Scrooge
10 janvier 2021
Critique par Micheline Poulin

«À la marche rythmée des mortelles secondes / Au temps assassin qui, en tout recoin du monde / Saura nous retrouver – à vous qui savez / Humblement, je dédie ce conte dépravé» – L.P. Sicard
Le roman Scrooge est divisé en cinq parties compartimentant un texte d’une rare intensité où nous voyageons dans des espaces et/ou des temps différents. Une liste musicale (de belles découvertes!) accentue le drame qui se joue à travers ces pages d’un conte de Noël revisité et franchement interdit. Rien à voir ici avec l’histoire de l’avare solitaire qui, une nuit de Noël, alors que visité par trois fantômes des Noëls passé, présent et futur, redécouvre l’esprit de Noël, la générosité, le partage et la bienveillance. J’ai pourtant reconnu les éléments les plus importants de l’histoire originale.
Dans le Scrooge de L.P. Sicard, j’ai marché dans les pas de Rebecca, une jeune fugueuse qui se trouve confrontée, pendant un hiver montréalais, à la mendicité quotidienne, à l’estomac vide, à la bataille pour son coin de rue devant la boutique de Scrooge et Marley… J’ai ressenti sa solitude, le froid, et j’ai rêvé d’un chocolat chaud. Avec elle, j’ai croisé plusieurs personnages qu’il vaut mieux ne pas croiser. L’humanité se trouve aussi revisitée et l’image, tel un miroir de notre société, ne présente ici rien de réjouissant…
«Les souffrances des autres n’ont de valeur que si elles risquent de nous atteindre.»
Les paradis artificiels, l’obsession du temps et un compte à rebours vers Noël sont au coeur du roman.

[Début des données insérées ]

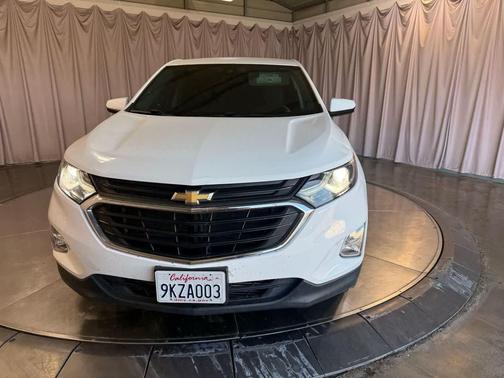 Summit White 2021 Chevrolet Equinox 1LT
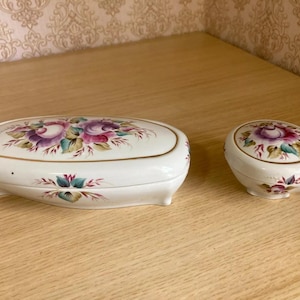 Vintage jewelry box. Hand painting, Vintage set of jewelry boxes, Korosten, porcelain / Floral motifs, Antique designer box for home decor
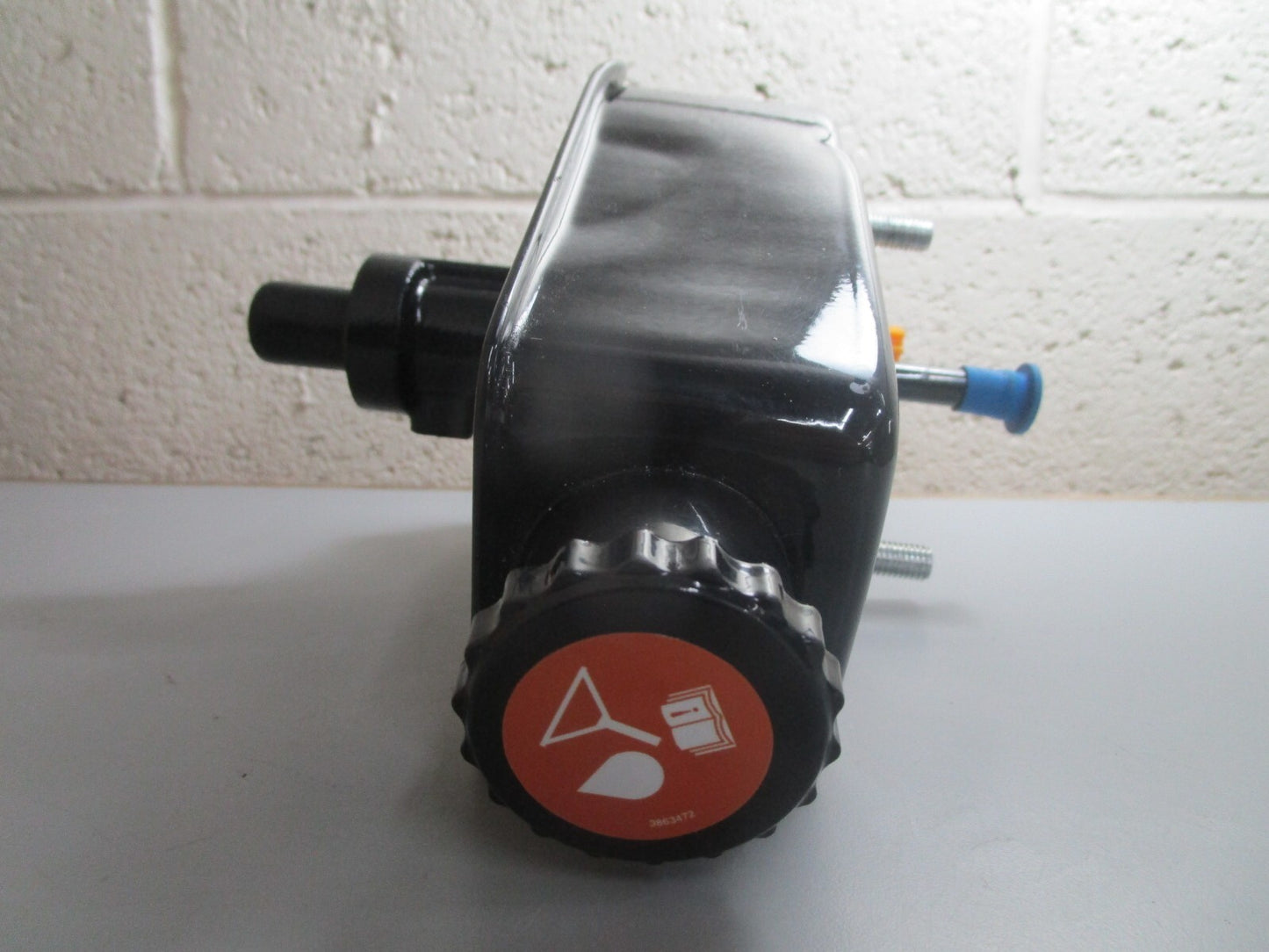 *NEW OEM* 0820 Volvo Penta Steering Pump 3888323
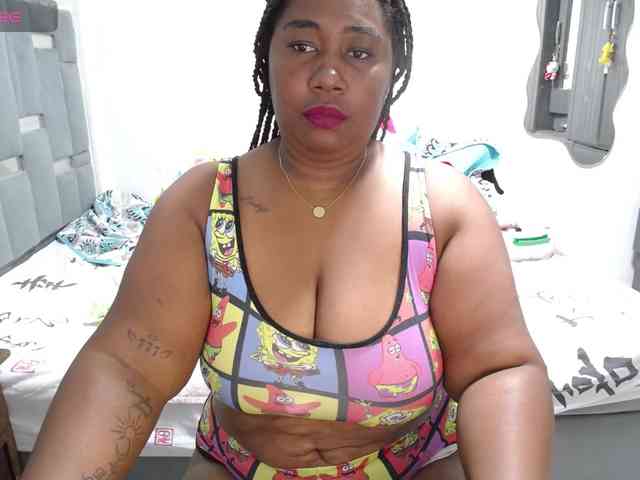 thickebonymilf webcam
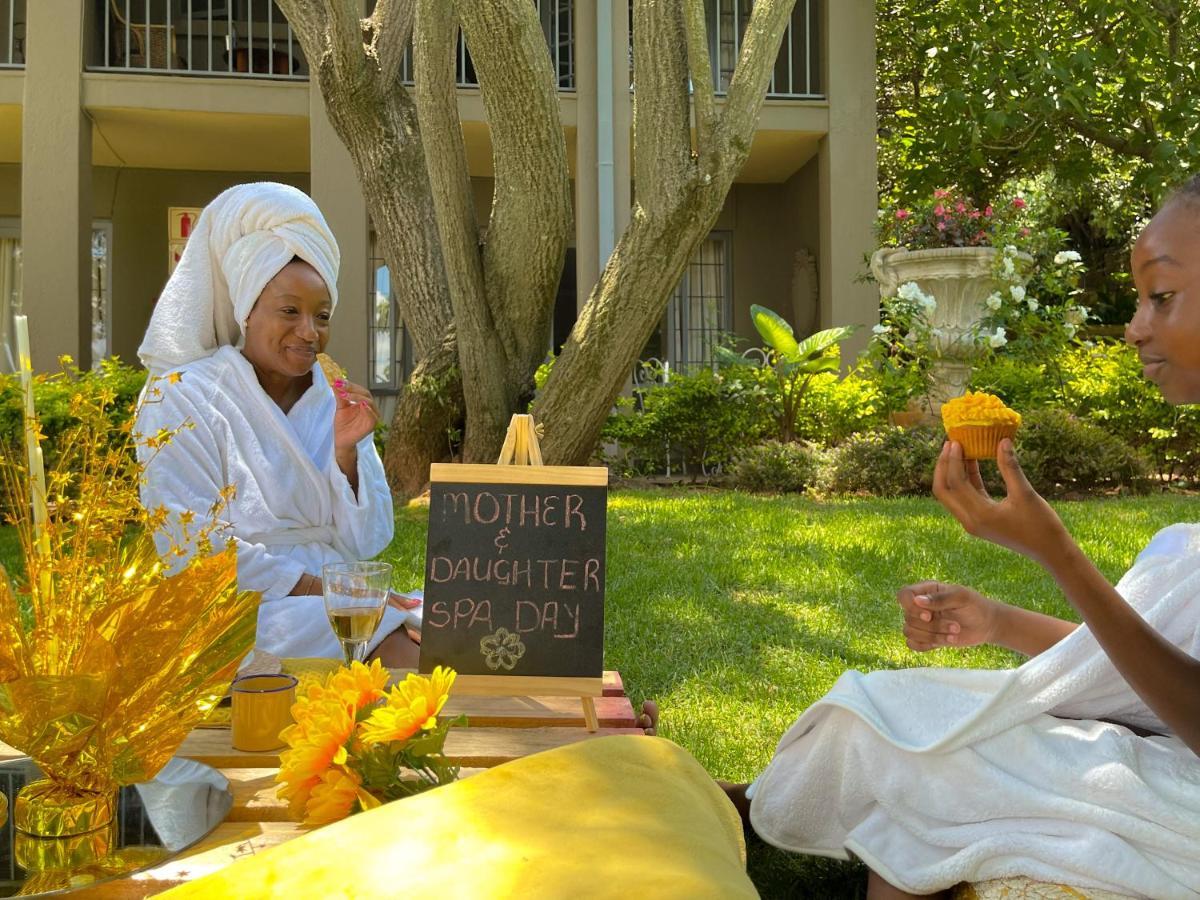 Amoris Guest House-Waterkloof Ridge Pretoria Bagian luar foto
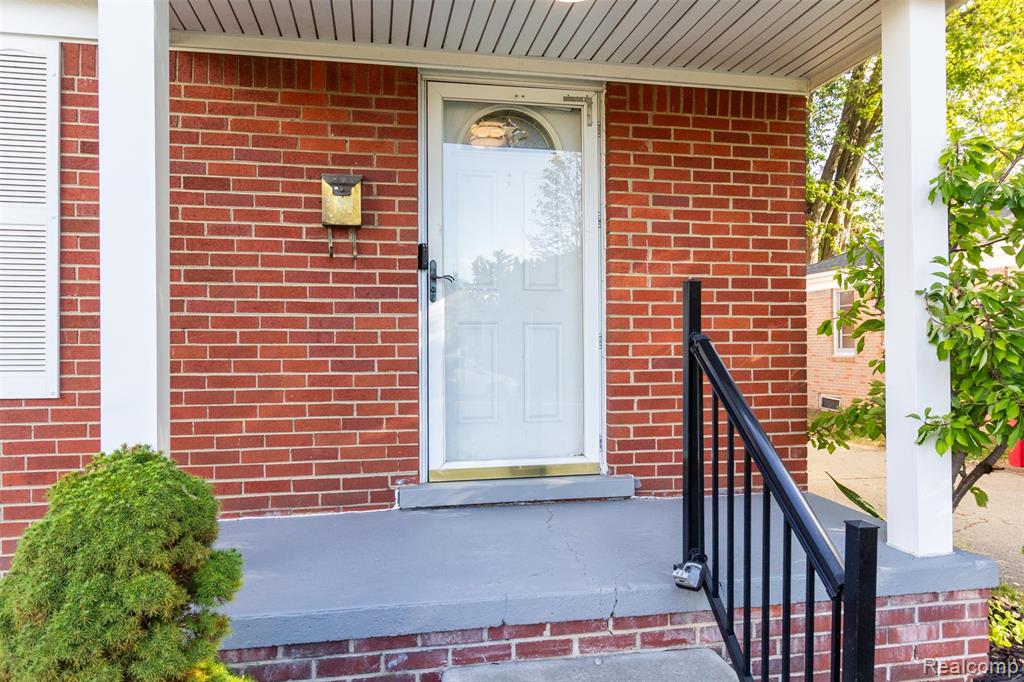 8235 Mackay Court, Utica, MI 48317 — Photo 4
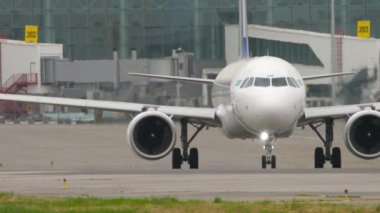 ALMATY, KAZAKHSTAN - 11 Mayıs 2024: Yolcu uçağı Airbus A321, Air Astana 'nın EI-KDF' si, ön görüş alanında. Uçak piste iniyor.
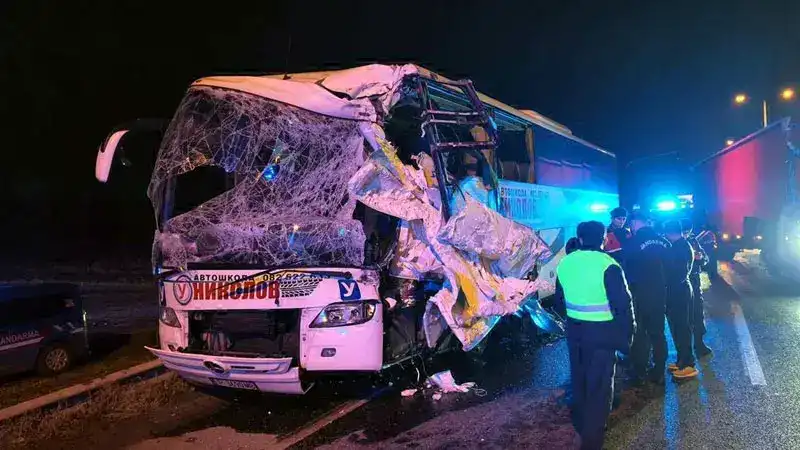 Edirne'de tur otobüsü, TIR'a çarptı: 10 yaralı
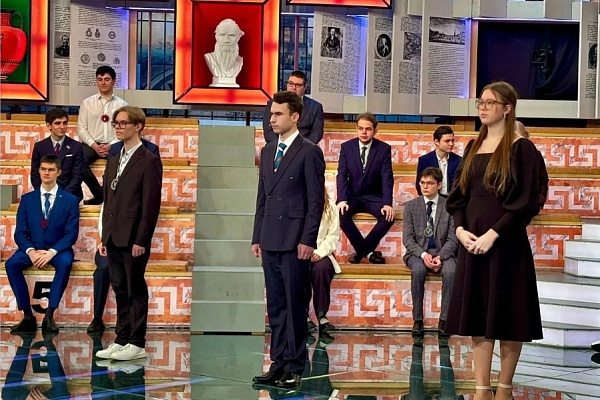 Ярославские школьники вошли в число победителей телевизионной олимпиады «Умницы и умники»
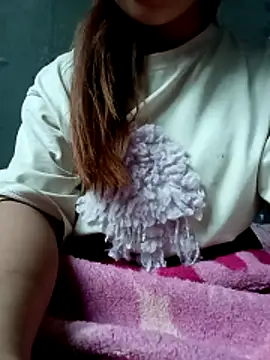 Ngocnga2 online show from 25, 4, 2026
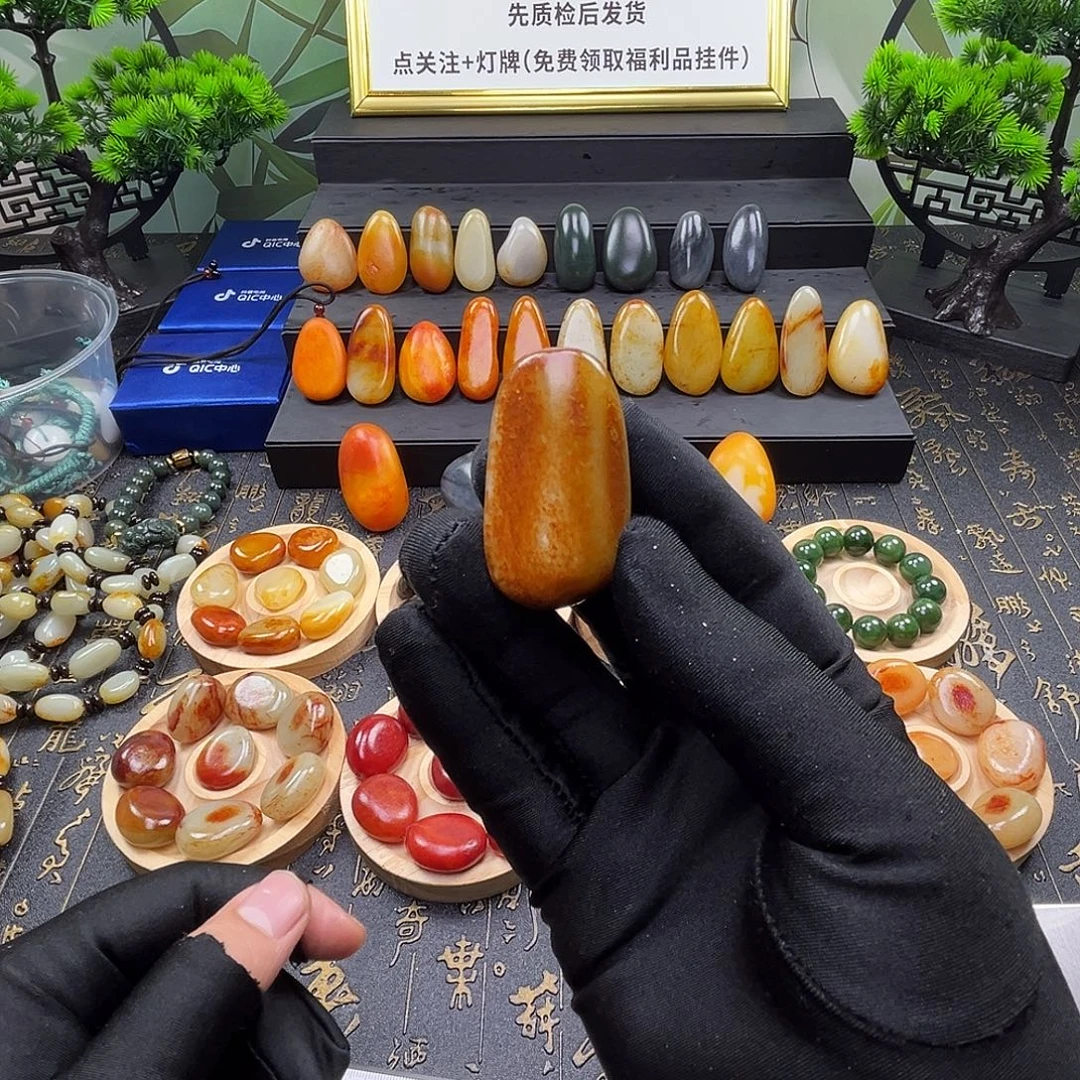 和田玉未镶嵌吊坠(赠链)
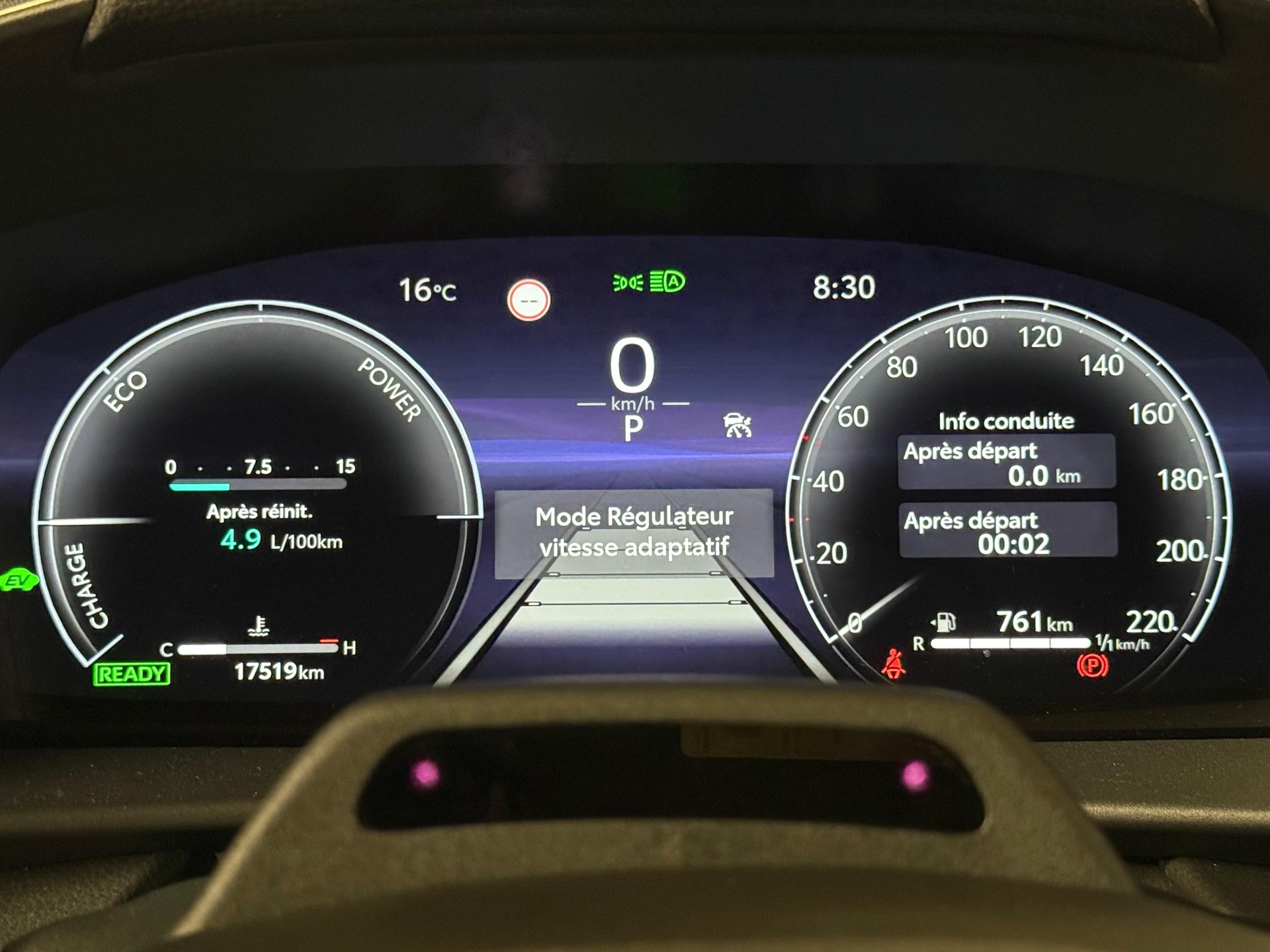 TOYOTA C-HR 2.0 HEV Trend 4x4-image-14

«Le futur souffre du temps qui passe, comme d’une entaille qui se gâte, comme d’une affection incurable.»
«Le passé est notre dernière prison.»
Se retrouver dans la peau du magnifique personnage de Rebecca a drainé mon énergie. Dès le début, Scrooge a exercé une réelle fascination sur moi. Je voulais savoir ce que l’auteur en ferait et je n’ai pas été déçue. Je n’en dirai pas plus que cette citation: «Les douleurs nous définissent bien plus que les joies; nous sommes le résultat de nos échecs, de nos peines et de nos blessures.»
Dès les premiers mots, j’ai eu l’impression de retrouver un ami. Pas le personnage de Scrooge, mais bien la plume douce, poétique et rythmée de L.P. Sicard. Wow! Une écriture enrichie d’un vocabulaire et d’une syntaxe recherchés et la création d’un univers où les voyages visitent la peur, l’anticipation cruellement froide et l’horreur absolue.
Je suis de ces Québécois qui apprécient les romans noirs, voire très noirs. Scrooge est un roman que j’ai trouvé dur et qui m’a remuée profondément. La présentation, avec sa page couverture magnifique au fini velours, est un autre point fort.
L.P. Sicard m’a gâtée avec son Scrooge intrigant et secret, vivant dans son monde, en marge de la société. Un coup de coeur! Je le recommande aux amateurs de romans noirs.
Quatrième de couverture | «Une inquiétante boutique que nul n’ose approcher. Des rumeurs sordides circulant dans les ruelles de la métropole. Une jeune femme blessée, prête à tout pour fuir le passé. Un vieillard défiguré que l’avenir obsède. Et l’instant même, qui ne devient plus qu’un interminable cauchemar. Charles Dickens, dans son Conte de Noël, présente Scrooge comme un vieil homme avare et détestable. Cette réécriture des ”Contes interdits” lui ajoute une obsession maladive et meurtrière pour le temps: ce nouveau Scrooge doit être craint comme la peste noire. Pourtant, une étrangère ignore les avertissements à l’égard de cet homme. Et celle-ci, entraînée dans les bas-fonds de la démence, comprendra bien vite que son temps est compté.»